This is Part 2 in a probably several part series. Here’s Part 1

The previous post was stricly a think-piece. Here, I outline some practical steps that a consortium of institutions could take to provide the basic building blocks needed to acheive a worldwide ledger of knowledge. The problem is this: how do we maximize the quantity of data (that has sufficient quality) in order to acheive scientific consensus on some topic of study? Most of what is proposed here is realistic today although several ideas will need significant refining before any practical implementation succeeds. A summary at the end distinguishes the possible from the now.

The first step would be for a group of educational/research institutions to form a consortium. I don’t have a solution as to how this ought to play out; suffice to say the minimum requirement would be the desire to reduce reliance on publishers for publishing research. Each institution would be a validator on publicly accessible blockchain.

With a chain in tow, step two would be for them all to run many IPFS nodes to ensure persistent availability of data (shameless plug: eris services start ipfs). Crucially, we want the validator nodes and IPFS nodes running on the respective hardware of these institutions. Indeed, as public institutions, it ought to be their mandate to ensure access to knowledge for generations to come without reliance on cloud hosting providers.

Next, for a specific field of research, some basic standards need to be agreed upon.
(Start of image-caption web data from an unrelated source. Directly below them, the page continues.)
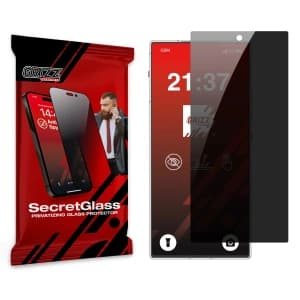 GrizzGlass Matte SecretGlass  ZTE nubia RedMagic 10 Air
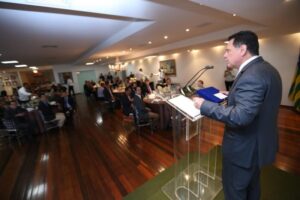 Marconi anuncia que governo investirá R$ 500 milhões em convênios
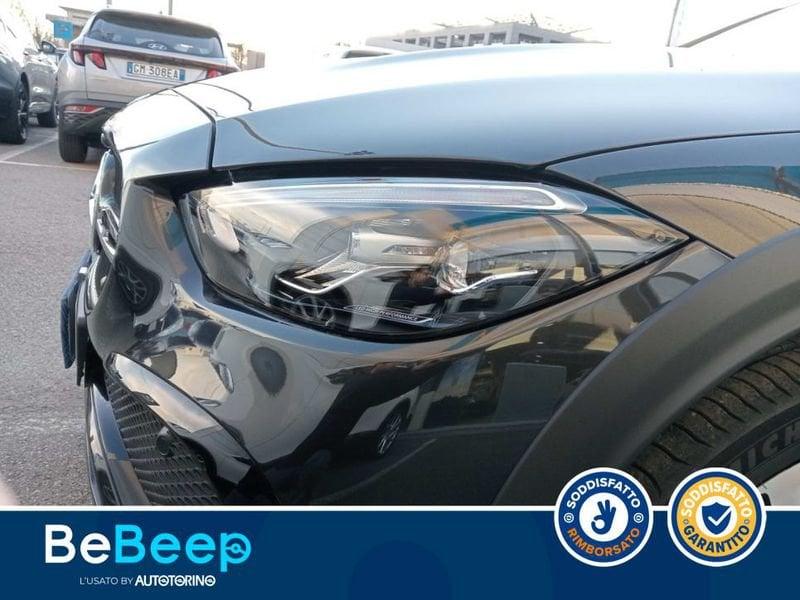 Mercedes-Benz Classe C C SW ALL-TERRAIN 220 D MHEV ADVANCED 4MATIC 197CV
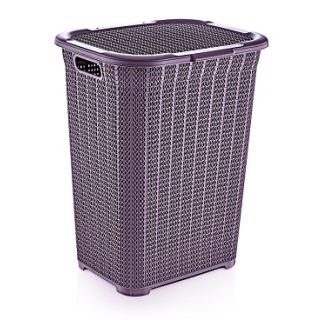 ΚΑΛΑΘΙ ΑΠΛΥΤΩΝ "ΠΛΕΚΤΟ" ΝΤ 50LIT. ΜΩΒ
These standards form the basis of what one might call smart contract factories. Roughly, three steps must be appropriately defined. Think of each as a smart contract which, once executed, allows the next steps to “be open” for execution.

Ideally, for a nugget of scientific knowledge to be considered valid (i.e., “true”, as subjective as that may be), there should be consensus on the following standards: a) pre-registering experiment, b) acceptable data for said experiment and, c) analysis of total (and ongoing! see Note, below) data set.

Each step has some requirements. In no particular order:

For b) we need specific standards for validating data from external sources (other labs, and, importantly, the public). That is, compatibility with crowd-sourced data/user-generated content should be the default. By having a) occur publicly, the opportunity for both: 1) feeback to refine the initial methodology and 2) anybody to propose experiments is available (which, with a proper content value sorting system would easily filter out pointless experiments). Finally, once the data are gathered, discussion and subsequent consensus on a scientific conclusion for the data set can be acheived, in a public forum (and not behind closed-doors and anonymous as the current status quo certainly is).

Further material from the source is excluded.